As someone who has never seen “Stalker,” it’s difficult to say whether this book is best suited for fans of the film, but Dyer approaches the film with such good-natured depth that he allows room for neophytes. An enigmatic, slow-moving “road movie” colored by striking cinematography, “Stalker” follows its mysterious title character as he guides two clients called Writer and Professor through an uncertain and surreal journey in a post-industrial wasteland called the Zone on a quest for the Room, a mystifying yet apparently quite ordinary place where your deepest wishes can come true.

Though Dyer admits that his subject is a film that could be summarized “in two sentences,” he finds elements along the way that will keep even non-cinéastes onboard. While he dedicates ample energy to how the movie’s deliberate pacing runs contrary to modern cinema (defined by Dyer as “Tarkovsky-time”), its troubled production and the nuts and bolts of its deceptively simple parts, Dyer’s rich, restless mind draws the reader in with specific, personal details that form a welcome paradox in a film that seems dedicated to appearing so superficially general (just look at those character names).

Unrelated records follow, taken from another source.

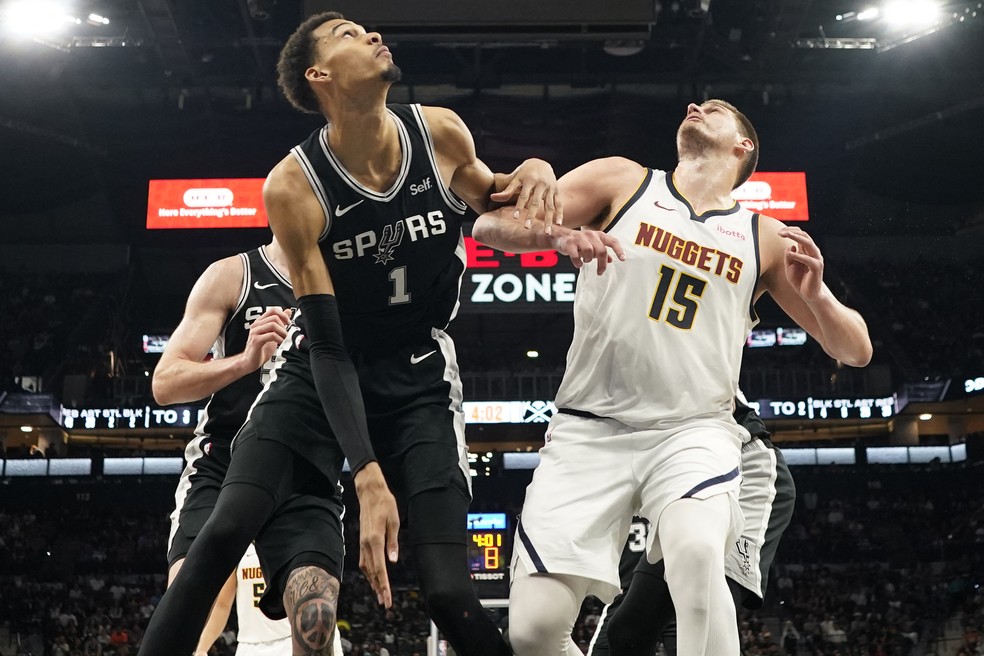 Victor Wembanyama e Nikola Jokic NBA San Antonio Spurs e Denver Nuggets — Foto: Scott Wachter-USA TODAY Sports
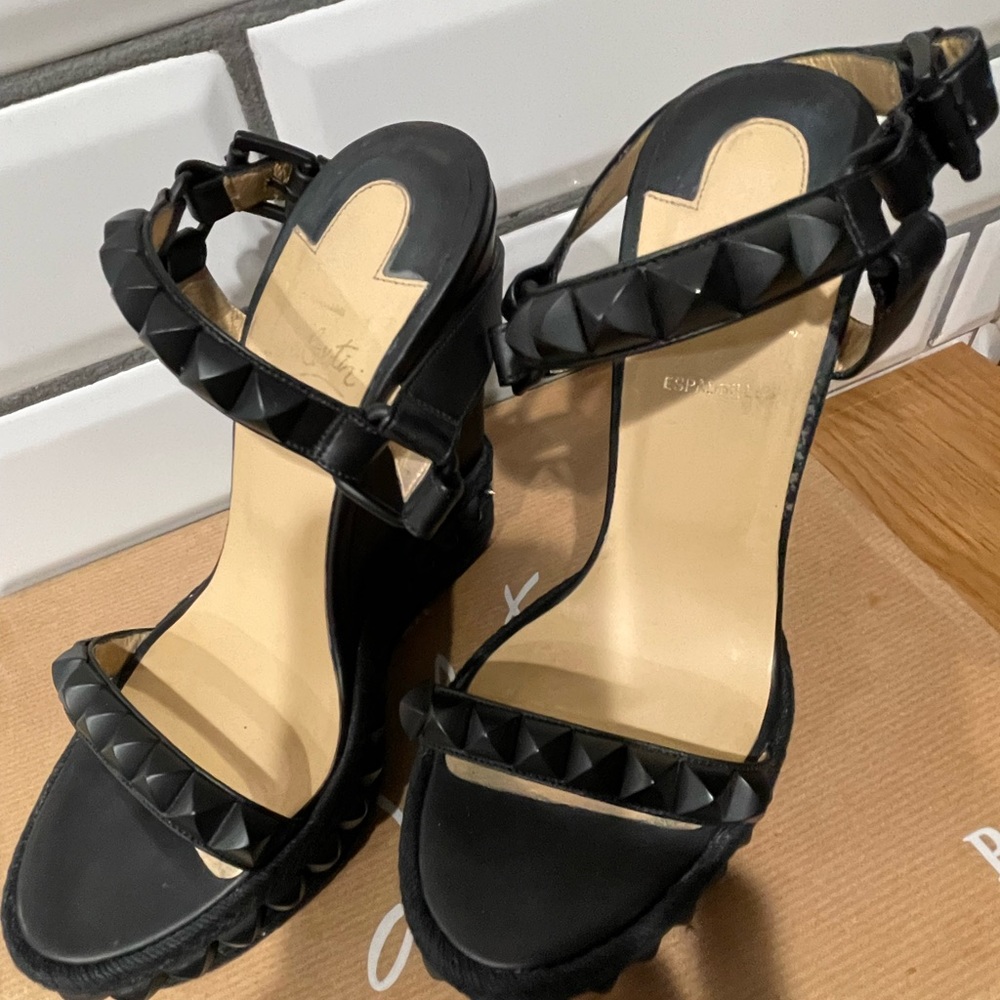 Christian Louboutin Size 5
Cataclou leather sandals
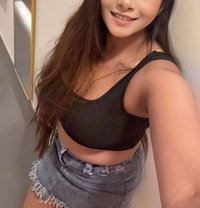 Riyana sexy model girl - puta in Dubai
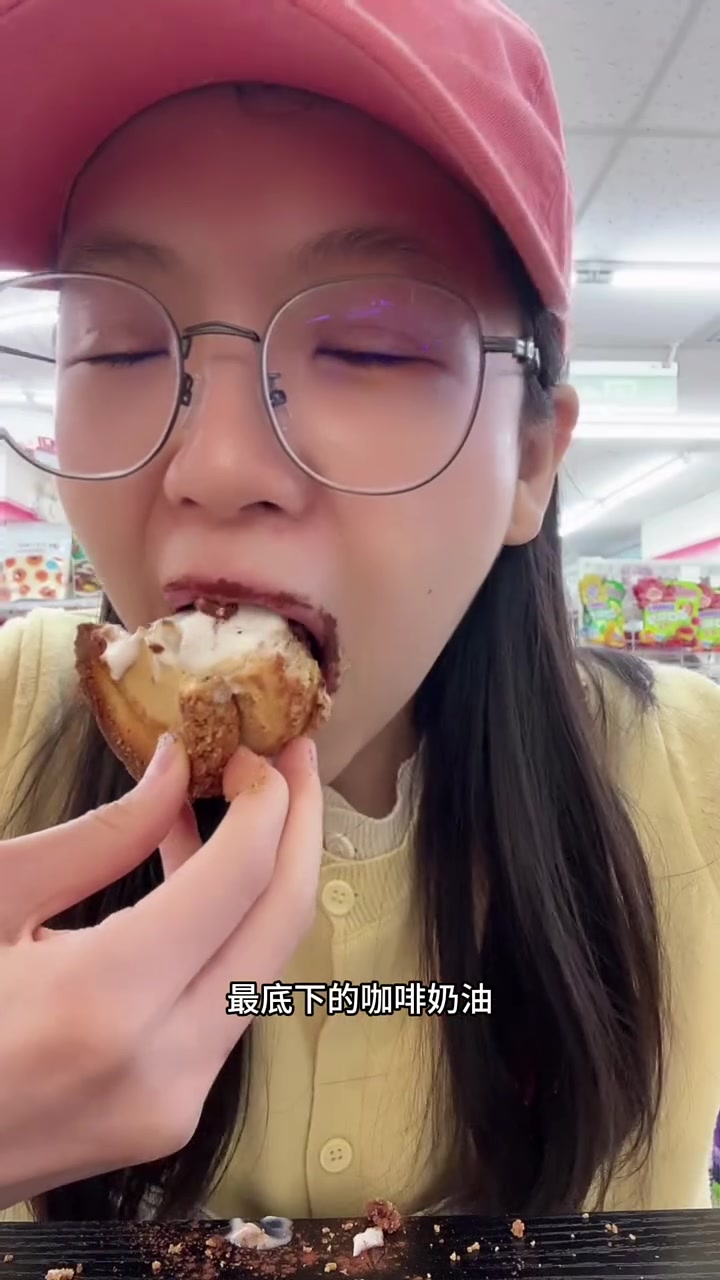 一次性把泡芙吃到爽是一种什么样的体验！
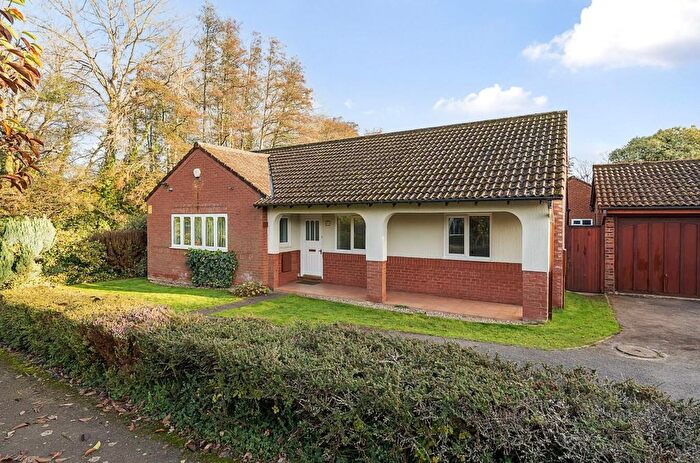 3 Bedroom Detached Bungalow To Rent In Fowey Close, Chandler's Ford, Eastleigh, SO53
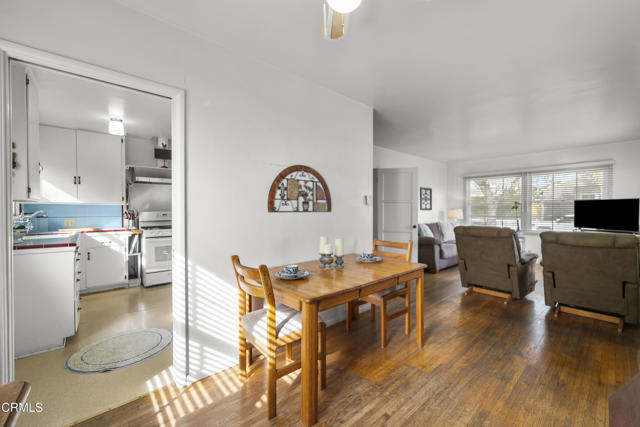 Detail Gallery Image 4 of 17 For 519 S Emma Ave, Ventura,  CA 93003 - 3 Beds | 1 Baths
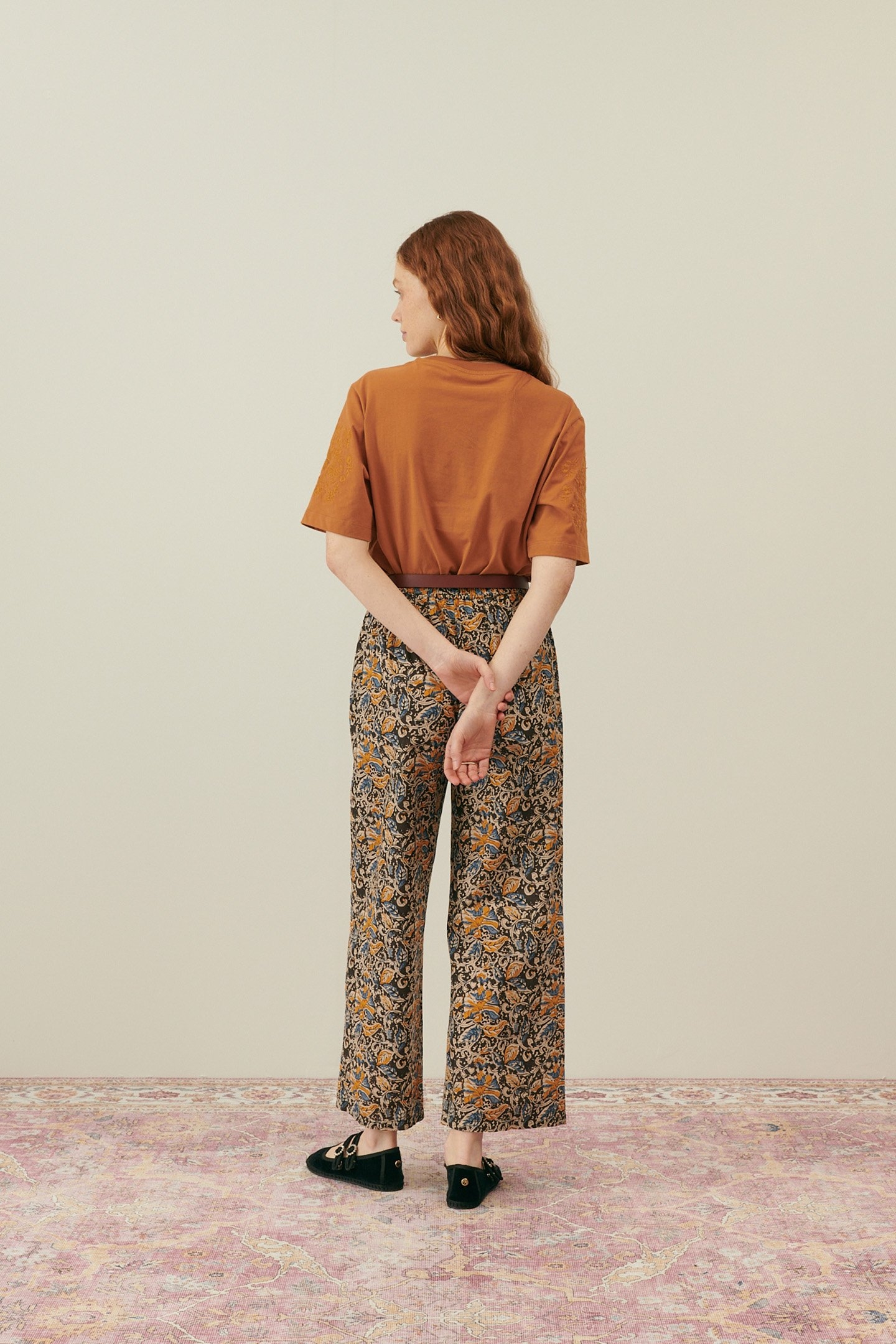 TEE LAURIA CARAMEL 2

In Tarkovsky’s Zone, Dyer sees echoes of the Russian gulags, the haunted nature of post-meltdown Chernobyl and the chaotic first hours of Sept. 11 — an impressively broad palette for a film more than 30 years old. And though Dyer colors his book with a staggering arsenal of cultural references from Rilke, recording artists Thievery Corporation and even “bumfights” videos with an acrobatic grace, it’s the book’s slow reveal of Dyer’s interpretation of the Zone that eventually leaves the greatest impact.

For all the witty, self-referential asides that can make the book feel like the smartest “Mystery Science Theater 3000” episode ever written, it’s Dyer’s emotional tie to Writer’s journey and the wish fulfillment of that vocation that stay with you the longest after the lights finally come up.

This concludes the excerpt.